Вскоре А.Б. уехал во Францию, выпил там стакан воды и умер от тифа. (30 марта. Сегодня его похороны.)
Я говорю за Б., потому что он не может говорить за Б. Он молчит; закрывает глаза; откидывается назад; а я жду. «Ну же», — произносит он наконец еле слышно; и совершенно спокойно. Однако привычка ведет за собой, что невыносимо, безвкусное рассуждение. Это забавно. Мне нравится старик. И я сделала все зависящее от меня как от писательницы, чтобы определить признаки гениальности в его дымчато-карих глазах: я вижу некоторую чувственность, силу, так мне кажется; но, ох, потом он прокудахтал: «Какой же я никчемный дурак — просто ребенок — по сравнению с Десмондом Маккарти — так глупо — не стоило противоречить профессорам!» Его наивность завораживает; но было бы куда лучше, если бы я ощущала в нем, как он говорит, «творящего художника». Он сказал, что Джордж Мур в «Жене актера» показал ему «Пять городов»: научил его, что там надо видеть; у него глубокое обожание Д.М.; однако он презирает его за хвастовство своими сексуальными победами. «Он рассказал мне, как молодая девушка пришла посмотреть на него и он попросил ее, когда она села на диван, раздеться.
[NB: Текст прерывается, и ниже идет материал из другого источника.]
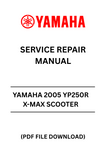 Unlock the full potential of your Yamaha 2005 YP250R X-MAX Scooter with our comprehensive Service Repair Manual in PDF format. This essential guide is designed to provide you with detailed instructions and insights, ensuring that you can perform maintenance and repairs with confidence and ease.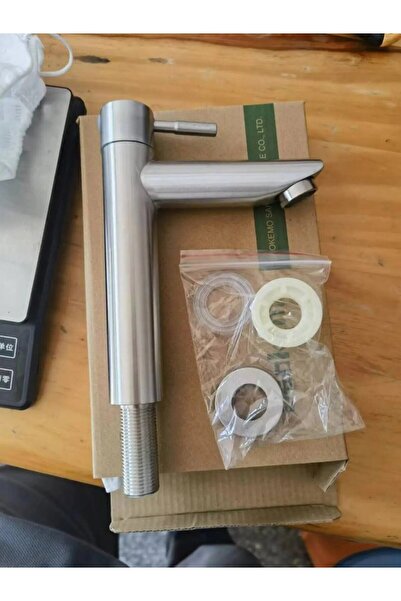 Choice صنبور حوض باللون الفضي مصنوع من الفولاذ المقاوم للصدأ 304، صنبور مياه ...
Он сказал, чтобы она все сняла и позволила глядеть на себя… Не то, чтобы я очень верил… Но он большой писатель — он живет ради слов. А теперь он заболел. И стал невыносимо скучным — все время рассказывает одни и те же истории. Скоро люди будут говорить обо мне: «Он мертв»». Я тотчас спросила: «О ваших книгах?» — «Нет, обо мне», — ответил он, вероятно, предполагая, в отличие от меня, долгую жизнь своих книг.
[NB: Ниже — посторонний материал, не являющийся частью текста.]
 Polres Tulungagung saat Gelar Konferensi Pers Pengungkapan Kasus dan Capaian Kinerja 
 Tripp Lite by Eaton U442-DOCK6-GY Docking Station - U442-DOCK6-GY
«Единственно возможная жизнь, — сказал он (обязательное писательство, слово за словом, тысяча слов в день). — Я не хочу ничего другого. Не могу думать ни о чем, кроме писательства. Некоторым надоедает». — «У вас есть любая одежда, какую вы хотите, насколько я понимаю, — заметила я. — И ванна. И кровати. И яхта». — «О да, у меня отличные костюмы».
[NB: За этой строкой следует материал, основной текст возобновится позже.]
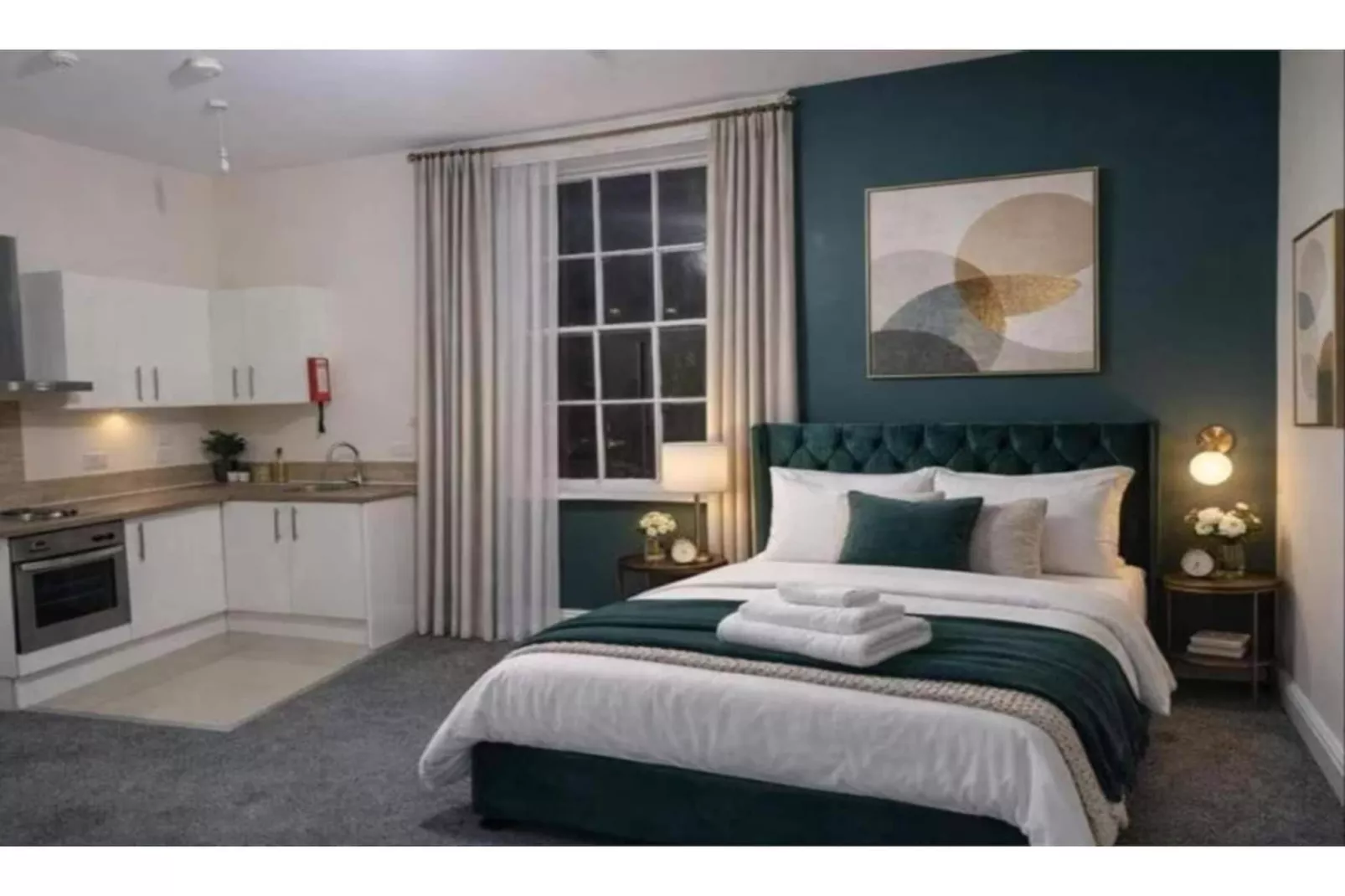 Deluxe Double Studio - Slaapkamer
Наконец я притащила к нему лорда Дэвида [137] . И мы насмехались над стариком, думая, какие мы изысканные. Он сказал, что ворота Хэтфилда [138] закрыты — «закрыты от жизни». «Но открыты по четвергам», — заметил лорд Дэвид. «А я не хочу по четвергам», — сказал Б. «И вы бросаете кости, — вмещалась я, — думая, что в вас больше «жизни», чем в нас». — «Иногда я шучу, — сказал Б. — Но не думаю, что во мне больше жизни, чем в вас. А теперь мне пора домой. Завтра утром я должен написать тысячу слов». Это лишь скелет вечера; а я в таком состоянии, что едва вожу пером по бумаге.
137
Дэвид Сесил.
138
Вероятно, речь о дворце, в котором прошло детство Елизаветы I.